(Entries taken from a collection)
===

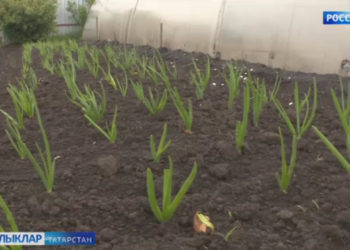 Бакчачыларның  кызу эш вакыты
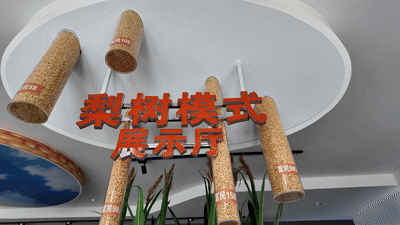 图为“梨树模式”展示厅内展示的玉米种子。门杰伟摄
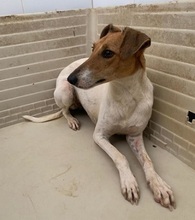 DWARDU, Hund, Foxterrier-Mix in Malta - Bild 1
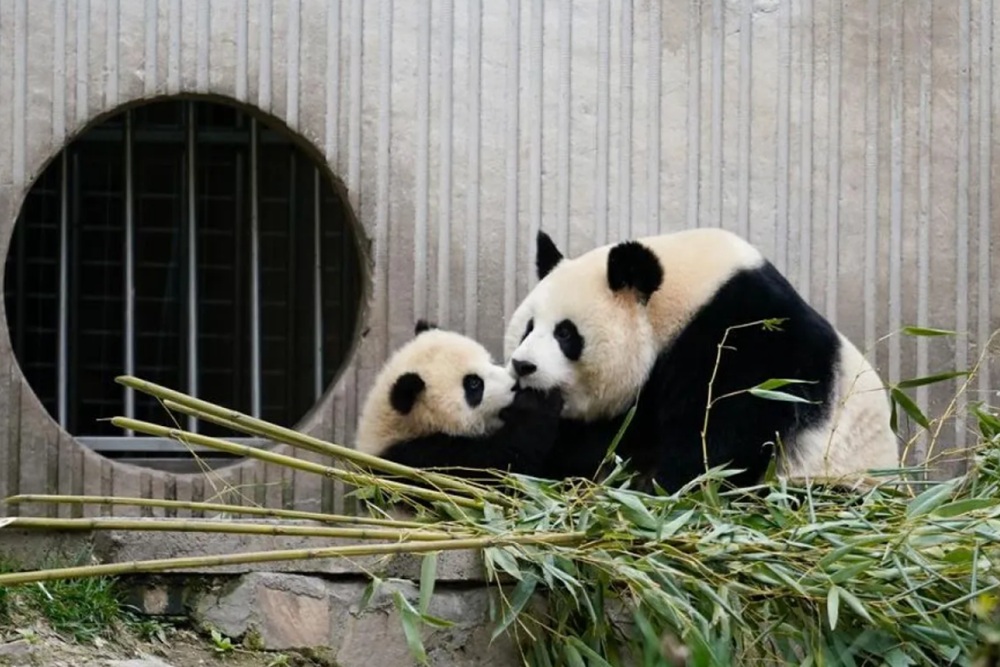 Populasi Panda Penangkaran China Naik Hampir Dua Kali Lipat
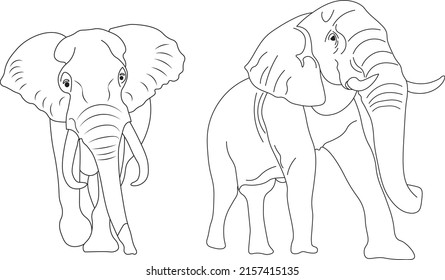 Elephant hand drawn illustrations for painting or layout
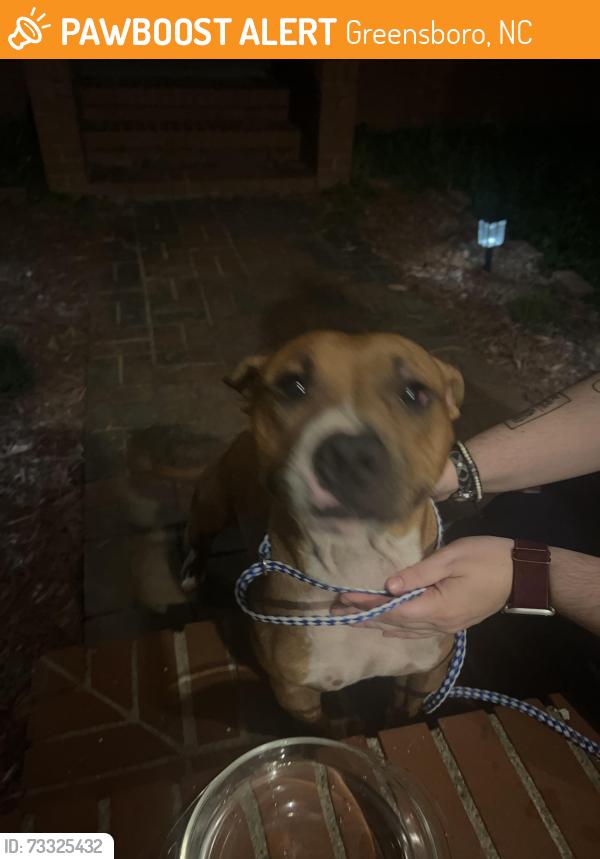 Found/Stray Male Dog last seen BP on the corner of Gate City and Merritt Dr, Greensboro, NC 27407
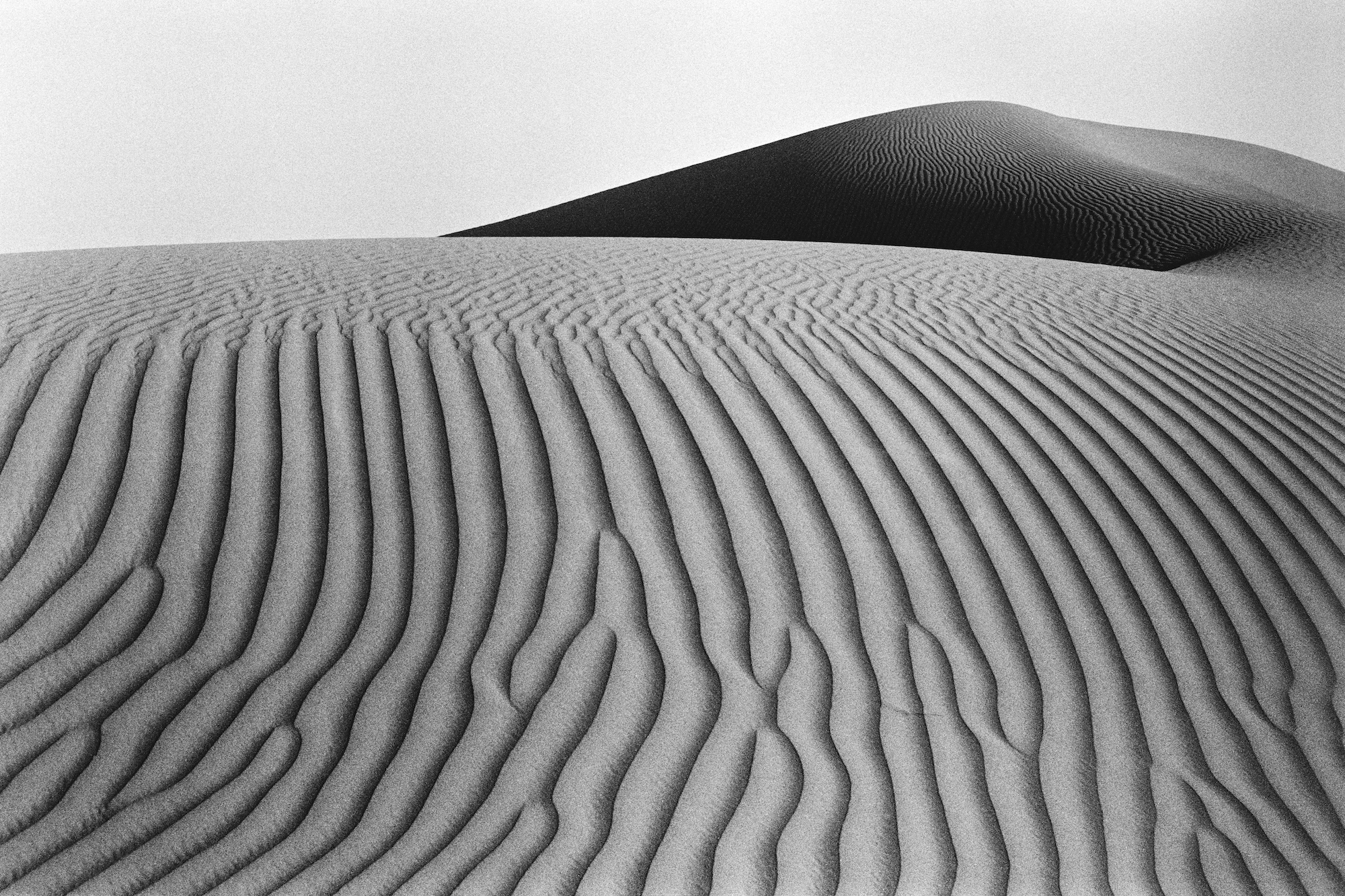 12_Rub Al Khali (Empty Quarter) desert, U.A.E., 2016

===

ASSIGNED TASK:
Send back every line above exactly, skipping all pictures.

RESULT OF THE EXERCISE:
 Бакчачыларның  кызу эш вакыты
 图为“梨树模式”展示厅内展示的玉米种子。门杰伟摄
 DWARDU, Hund, Foxterrier-Mix in Malta - Bild 1
 Populasi Panda Penangkaran China Naik Hampir Dua Kali Lipat
 Elephant hand drawn illustrations for painting or layout
 Found/Stray Male Dog last seen BP on the corner of Gate City and Merritt Dr, Greensboro, NC 27407
 12_Rub Al Khali (Empty Quarter) desert, U.A.E., 2016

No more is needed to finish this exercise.